Hannity’s show was devoted to Mark Levin and his book American Marxism about whom I commented some last week.  But this fearmongering, trash-the-left deserves some additional commentary.  The book will be released July 13.  Hannity calls it the “most important book in a generation.”  For Levin and Hannity, everything on the left is Marxism – the New Green Deal, dealing with climate change, redistribution, democratic socialism, CRT, Black Lives Matter, corporations who decry voting law restrictions.  For Levin and Hannity, Marxists are running academia, media, big tech companies, and the whole Democratic Party.  For Levin and Hannity, all these American Marxists don’t believe in free speech or debate (talk about projection!).  Levin says about them: “when [these] fanatics are confronted with facts, history, experience, truth, it’s of no consequence, they have found their calling and won’t be dissuaded from it” (more projection!).  “All of them think alike or are ostracized” (tell that to Liz Cheney!).

It goes on and on.  Ingraham talks about how the Democrats don’t want the pandemic to be over and how having a child in school wear a mask is “shaming them.”  Bartiromo lists what she calls the big lies of the left: “the Russia hoax, the Steele dossier, impeachment with no crime, Hunter Biden’s laptop and business deals, origin and treatment of COVID, voter laws as Jim Crow, and armed insurrection without arms.”  She had Trump on who is still claiming the election was “corrupt, rigged, stolen – we won in a landslide.”  He said “the Supreme Court didn’t have the courage to take it up and they should be ashamed” – yet it was a Court that he and the Republicans had packed.

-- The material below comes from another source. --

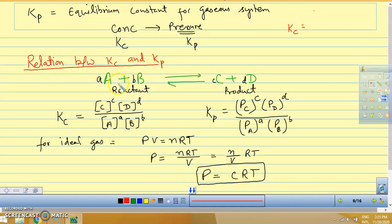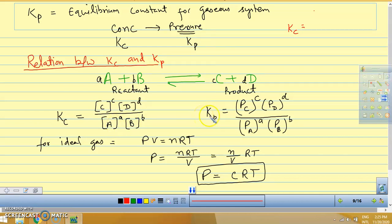Now we will find the relation between KC and KP. For this, let us take an arbitrary reaction: A plus B gives C plus D, where A and B are reactants and C and D are products. If we write the KC expression, it is concentration of product upon concentration of reactant. Similarly, for KP, we write: pressure of C raised to power c, times pressure of D raised to power d, divided by pressure of A raised to power a, times pressure of B raised to power b.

In such a world, it is hard to be optimistic about the future of the U.S. A majority of Republicans believe Trump’s election lie, a significant proportion think the January 6 insurrection was justified.  Many won’t get vaccinated or wear masks.  It’s good that the courts rejected the election lie, it’s good that we are prosecuting the insurrectionists, and the unvaccinated, masks-are-an-assault-on-our-freedom crowd are most directly harming themselves (although it fosters more variants).  But a rapprochement is a long ways away.  In the U.S., labelling those who disagree with you as socialists, communists, or Marxists generally prevents any conversation about our differences.  I will still repeat my offer last week to Levin and include Hannity – in your eyes, as a left-leaning university professor, I am clearly one of the American Marxists who frighten you so – read my book, The Conscience of a Progressive, and I’ll read yours and we can talk!

As I was about to post this, I started watching Trump’s speech to CPAC (July 11).  Practically his opening sentence was: “We will defeat the radical left, the socialists, Marxists, and critical race theorists.”  Shades of Hannity, Levin, Carlson, and the rest of the Fox gang!